JOSÉ ALEXANDRE SCHEINKMAN As inovações financeiras e o risco


Espera-se que Lula se interesse pela segurança jurídica do crédito para que o brasileiro possa tomar mais riscos

AS NOVAS oportunidades de comércio entre a Europa e as colônias na Ásia e Américas que resultaram da "era das descobertas" criaram uma grande demanda por transporte marítimo a partir do século 16. Os conflitos armados, a pirataria e as difíceis condições de navegação colocavam os navios e mercadorias em constante risco. Os comerciantes usavam métodos diversos para lidar com esses riscos: a formação de comboios em que todos os proprietários dividiam os lucros, empréstimos com pagamento contingente ao sucesso da expedição e a divisão da propriedade de um barco entre diversos sócios.
O problema com todos esses procedimentos é que o risco continuava na mão da comunidade de armadores. Para atrair capital de outros investidores, os governos na Espanha e na Inglaterra regulamentaram o seguro marítimo. Na justificativa da lei inglesa de 1601, lê-se que um dos objetivos da legislação era permitir que os comerciantes tomassem mais risco. A nova lei facilitou o comércio colonial, mas era longe de perfeita. Muitos seguradores vendiam um número excessivo de apólices e, no caso de perdas, iam à falência sem pagar o seguro devido.
Para atacar esse problema, em 1720, uma nova legislação inglesa garantiu a prioridade do pagamento de seguro sobre outros débitos do segurador. Assim como em 1601, o legislador escreveu que o objetivo era encorajar as "aventuras no mar".
O comércio colonial foi principalmente o resultado de avanços tecnológicos na navegação, construção de barcos e armamentos, mas não teria atingido a dimensão que alcançou no século 18 se a legislação de seguro marítimo não tivesse sido estabelecida e aperfeiçoada. O volume de viagens certamente resultou também em um maior número de naufrágios, mas os custos e benefícios dos avanços tecnológicos e da instituição do seguro marítimo devem ser medidos também pelo número de viagens bem-sucedidas.
As dificuldades por que passam muitas das companhias americanas que se especializam no crédito imobiliário para clientes mais arriscados trouxeram nova munição para os críticos das inovações financeiras. Não resta dúvida de que em alguns casos estendeu-se crédito para clientes que não tinham condições para pagar a sua dívida, mas é importante observar que somente 15% dos clientes dessas companhias estão atrasados em pelo menos 60 dias em seus pagamentos; a vasta maioria está em dia.
Até a década de 70, o mercado de hipotecas nos Estados Unidos tinha um só produto: empréstimos a taxas fixas por um período de até 30 anos.
O devedor pagava a mesma quantia a cada mês e só podia pegar um empréstimo quem tivesse uma renda adequada -em geral, quatro a cinco vezes o valor do pagamento.

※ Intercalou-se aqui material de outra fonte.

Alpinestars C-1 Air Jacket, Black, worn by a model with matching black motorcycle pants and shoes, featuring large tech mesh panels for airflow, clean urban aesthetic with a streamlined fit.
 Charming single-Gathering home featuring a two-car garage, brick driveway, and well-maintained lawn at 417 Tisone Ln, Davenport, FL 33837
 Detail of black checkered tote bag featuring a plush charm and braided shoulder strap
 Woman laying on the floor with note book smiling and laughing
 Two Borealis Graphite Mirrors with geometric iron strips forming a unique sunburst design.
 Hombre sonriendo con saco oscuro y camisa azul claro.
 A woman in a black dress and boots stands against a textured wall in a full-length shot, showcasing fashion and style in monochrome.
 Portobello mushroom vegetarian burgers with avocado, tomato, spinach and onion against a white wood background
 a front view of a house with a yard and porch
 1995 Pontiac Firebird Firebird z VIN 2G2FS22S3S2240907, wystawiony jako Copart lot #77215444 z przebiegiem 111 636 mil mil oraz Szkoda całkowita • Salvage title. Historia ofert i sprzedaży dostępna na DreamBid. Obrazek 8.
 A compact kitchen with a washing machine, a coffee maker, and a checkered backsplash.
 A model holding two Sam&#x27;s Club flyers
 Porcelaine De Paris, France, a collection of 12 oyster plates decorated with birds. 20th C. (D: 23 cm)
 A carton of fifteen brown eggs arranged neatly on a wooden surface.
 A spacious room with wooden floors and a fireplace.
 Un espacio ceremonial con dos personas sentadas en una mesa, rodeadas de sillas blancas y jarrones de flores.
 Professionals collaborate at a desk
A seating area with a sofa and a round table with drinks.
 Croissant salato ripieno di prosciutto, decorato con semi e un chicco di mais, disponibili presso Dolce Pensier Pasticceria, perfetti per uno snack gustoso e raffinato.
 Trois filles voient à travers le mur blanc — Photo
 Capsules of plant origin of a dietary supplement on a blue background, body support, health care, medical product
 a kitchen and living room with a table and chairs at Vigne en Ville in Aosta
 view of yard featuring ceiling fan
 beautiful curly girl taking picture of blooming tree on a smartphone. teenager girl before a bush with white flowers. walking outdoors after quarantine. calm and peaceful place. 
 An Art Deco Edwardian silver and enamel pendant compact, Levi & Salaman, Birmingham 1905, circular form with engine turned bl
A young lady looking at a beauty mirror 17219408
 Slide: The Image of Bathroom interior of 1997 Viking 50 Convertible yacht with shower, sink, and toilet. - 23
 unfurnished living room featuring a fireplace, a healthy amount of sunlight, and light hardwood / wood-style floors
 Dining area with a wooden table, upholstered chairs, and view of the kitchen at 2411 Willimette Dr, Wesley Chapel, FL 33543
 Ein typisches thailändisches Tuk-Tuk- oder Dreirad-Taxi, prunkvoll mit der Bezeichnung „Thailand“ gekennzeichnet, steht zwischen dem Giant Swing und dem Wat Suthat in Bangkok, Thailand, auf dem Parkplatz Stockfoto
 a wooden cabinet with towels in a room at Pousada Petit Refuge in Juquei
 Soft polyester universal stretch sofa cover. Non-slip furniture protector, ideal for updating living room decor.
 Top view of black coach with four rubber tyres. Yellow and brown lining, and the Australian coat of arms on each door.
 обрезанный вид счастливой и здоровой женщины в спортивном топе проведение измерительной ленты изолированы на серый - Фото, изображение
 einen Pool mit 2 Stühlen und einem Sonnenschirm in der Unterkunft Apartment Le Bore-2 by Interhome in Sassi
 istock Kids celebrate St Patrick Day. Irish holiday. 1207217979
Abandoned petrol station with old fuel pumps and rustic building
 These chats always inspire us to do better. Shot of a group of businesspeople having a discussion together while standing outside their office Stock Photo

Para um brasileiro, vivendo em uma economia em que não existe financiamento de longo prazo, isso pode parecer o paraíso, mas muitos americanos não tinham acesso a um montante suficiente de crédito por causa de uma baixa renda corrente. A partir da década de 70, houve um grande número de inovações financeiras no mercado de hipotecas nos Estados Unidos, muitas delas com o objetivo de permitir que pessoas com baixa renda corrente, mas com uma boa perspectiva de aumento de renda no futuro, comprassem uma moradia.
Um trabalho recente do meu colega em Princeton Harvey Rosen e dois co-autores do Federal Reserve (o banco central dos EUA) em Boston analisou a experiência de milhares de consumidores e demonstrou que as inovações financeiras no mercado de hipotecas aumentaram o acesso à casa própria para os americanos, especialmente os mais jovens e os compradores de sua primeira moradia.
Uma preocupação central da gestão Palocci no Ministério da Fazenda foi propor medidas como o crédito consignado e os novos instrumentos de crédito imobiliário para incentivar o mercado de crédito no Brasil. A equipe da Fazenda entendeu que a melhoria do mercado de crédito não dependia apenas da criação de novos instrumentos, mas também do aprimoramento do ambiente legal para reduzir a insegurança jurídica dos contratos. Esse esforço já resultou em um impacto positivo, mas o mercado de crédito no Brasil ainda é muito pequeno.
Resta esperar que o governo Lula 2 se interesse por essas questões para que os brasileiros possam tomar mais riscos.